Brief:
Each line from the one with "Audi Q5 Sportback - 8" through the final line of the entries below must be printed exactly, and the pictures must not be.

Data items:
Content starts

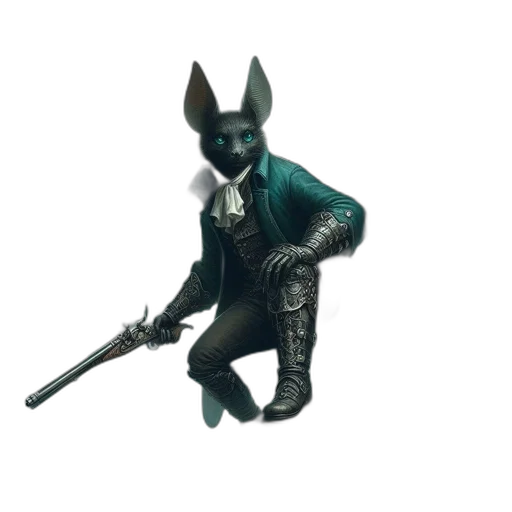 staff, animal, mask, weapon transparent PNG cut-out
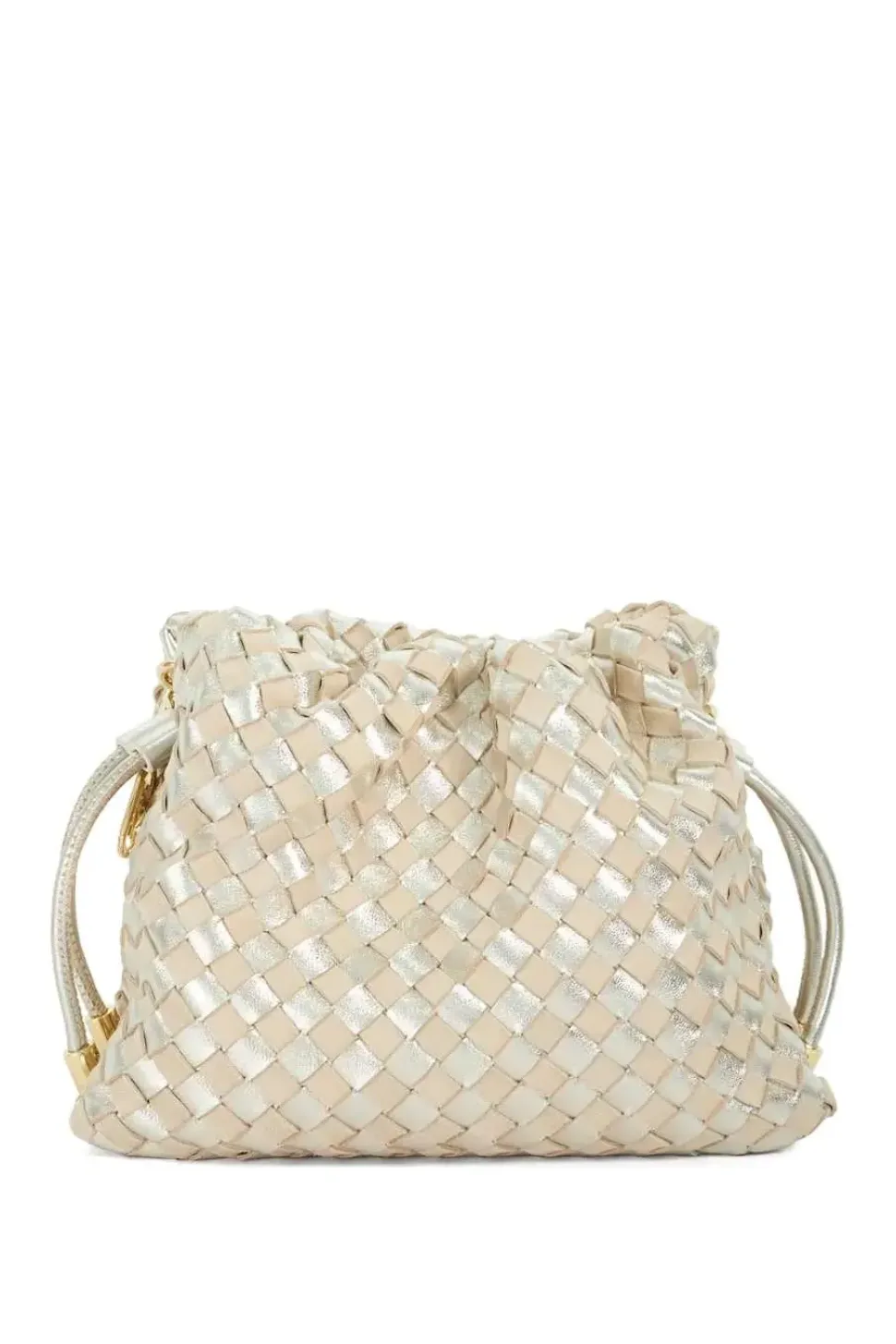 'Jessica Card Holder' Croc Print Bag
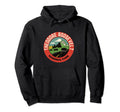 Theodore Roosevelt National Park Hoodie - Trendy Graphic for Adults - T-Shirt, Sweatshirt, Hoodie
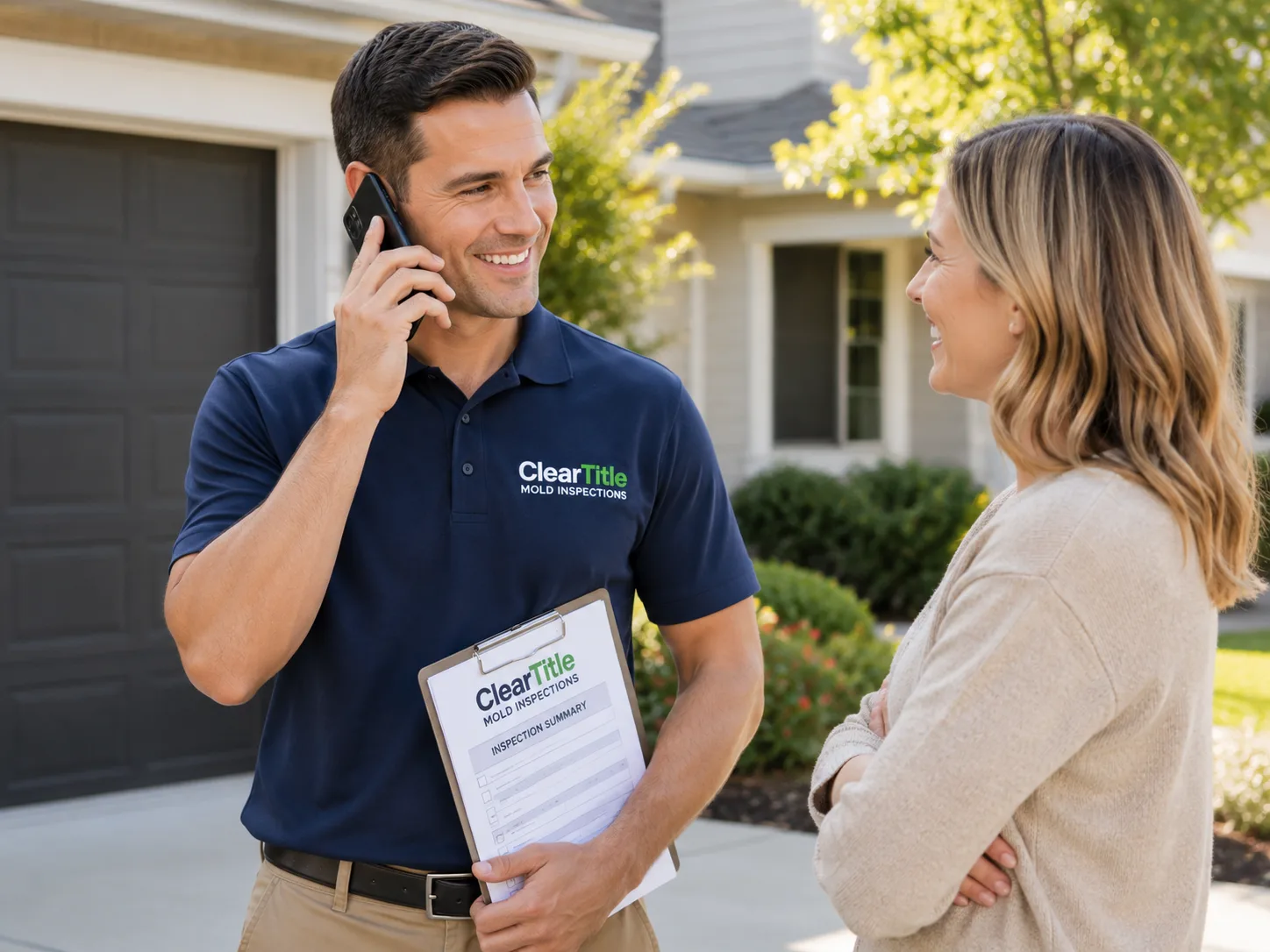 Mold Inspection For Home Sale Winigan, MO FAQs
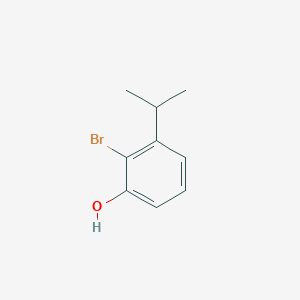 2-Bromo-3-isopropylphenol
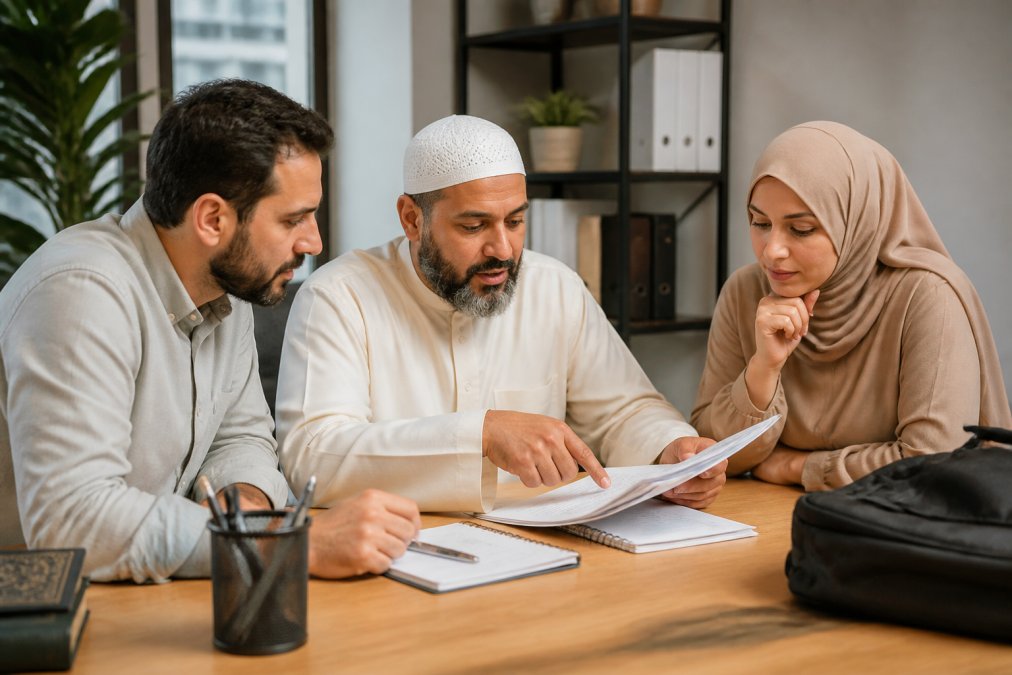 Alternatives aux agences Hajj traditionnelles à Montréal
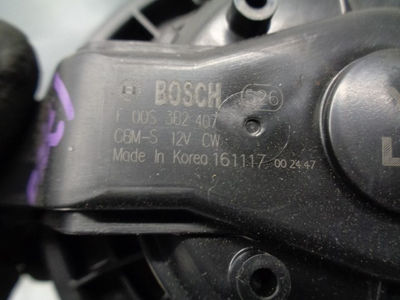 Motor calefaccion / 971131P000 / bosch / F00S3B2407 / 4386935 para hyundai IX20 - Foto 4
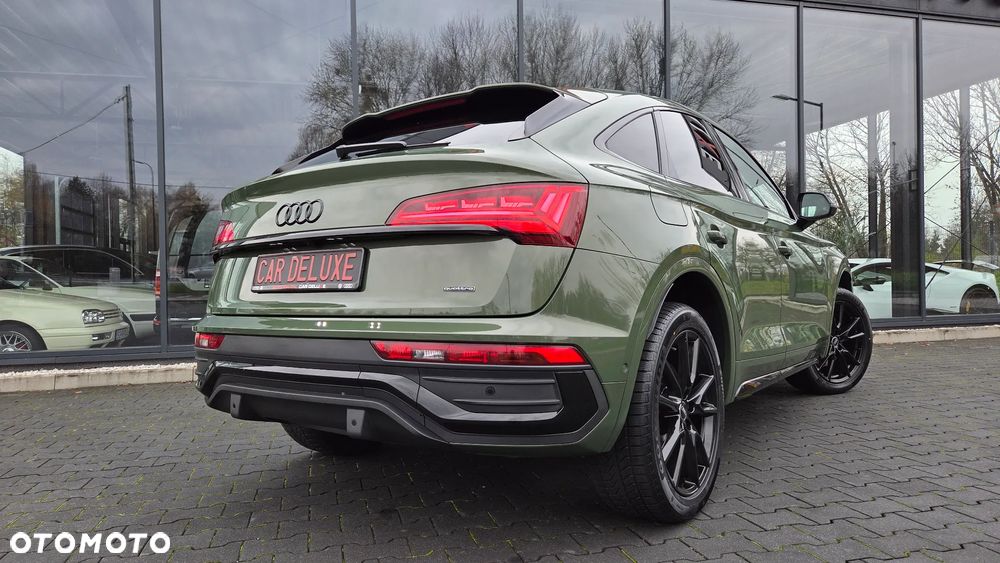Audi Q5 Sportback - 8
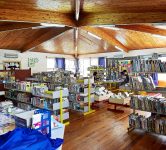 [EPFb] Une bibliothèque bien garnie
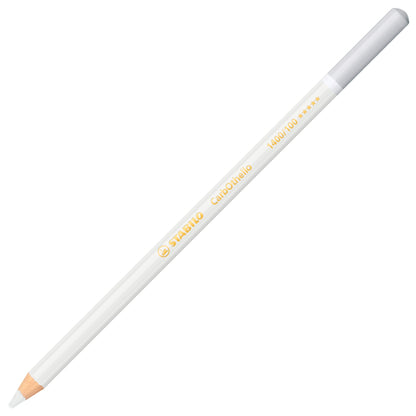 STABILO CarbOthello Pastel Pencil – Titanium White (100)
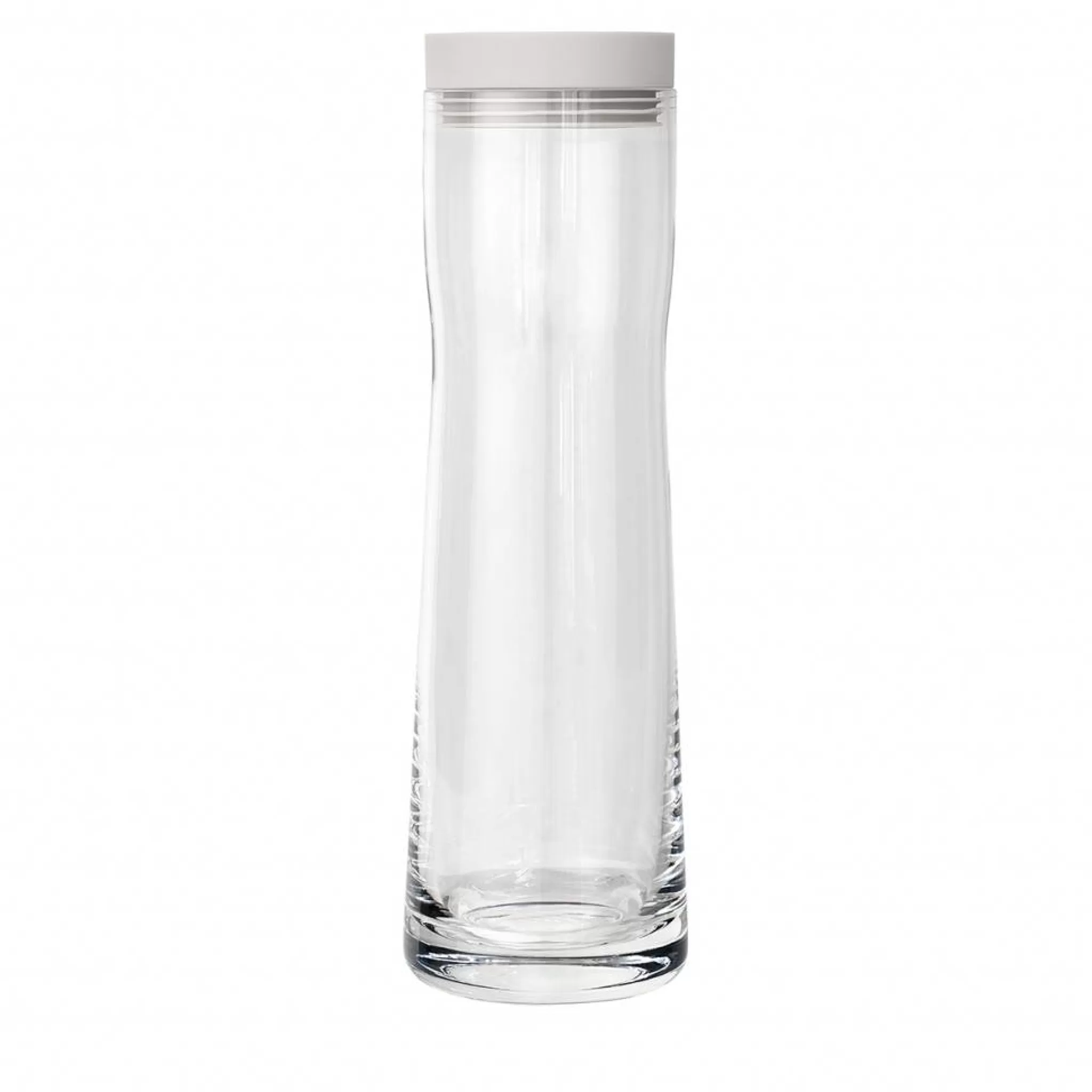 Blomus Decanter / Cooler*Splash Water Carafe (1 Liter) 63780, Color Moonbeam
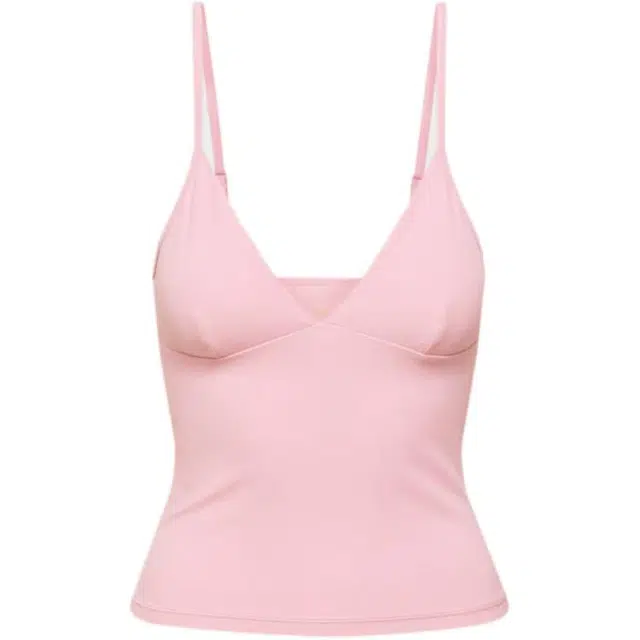 ARITZIA SS25 Golden BUTTER Vibrant Tank V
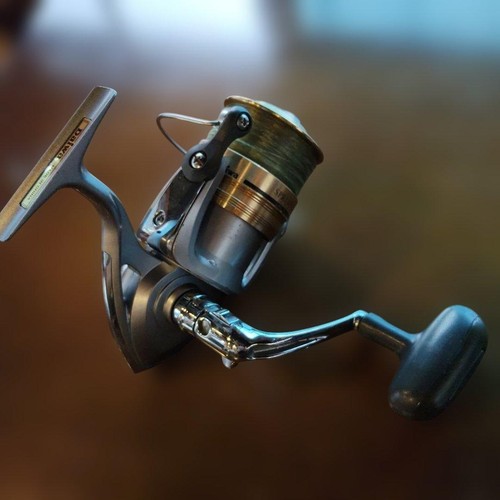 Mulinello spinning daiwa - mulinello, da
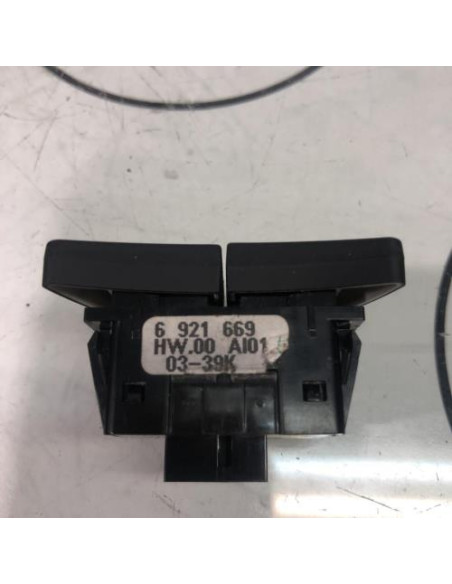 Bouton/Interrupteur BMW SERIE 5 E60 PHASE 1 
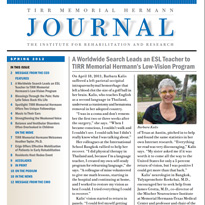 TIRR Memorial Hermann Journal Spring 2012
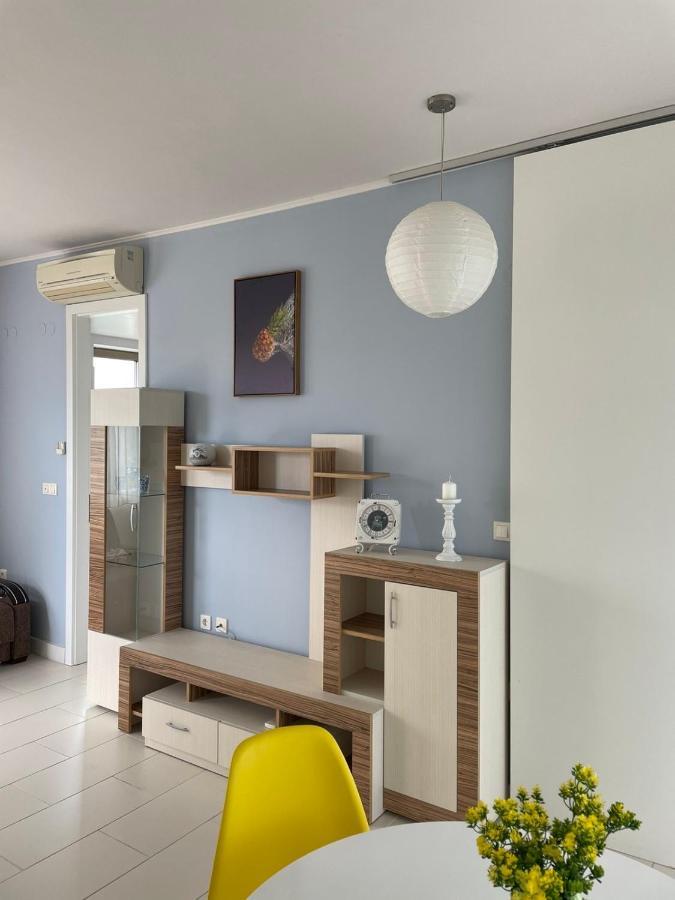 Yoobulgaria-Obzor Sp Apartments Dış mekan fotoğraf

Content ends

Exercise output:
Audi Q5 Sportback - 8
 [EPFb] Une bibliothèque bien garnie
 STABILO CarbOthello Pastel Pencil – Titanium White (100)
 Blomus Decanter / Cooler*Splash Water Carafe (1 Liter) 63780, Color Moonbeam
 ARITZIA SS25 Golden BUTTER Vibrant Tank V
 Mulinello spinning daiwa - mulinello, da
 Bouton/Interrupteur BMW SERIE 5 E60 PHASE 1 
 TIRR Memorial Hermann Journal Spring 2012
 Yoobulgaria-Obzor Sp Apartments Dış mekan fotoğraf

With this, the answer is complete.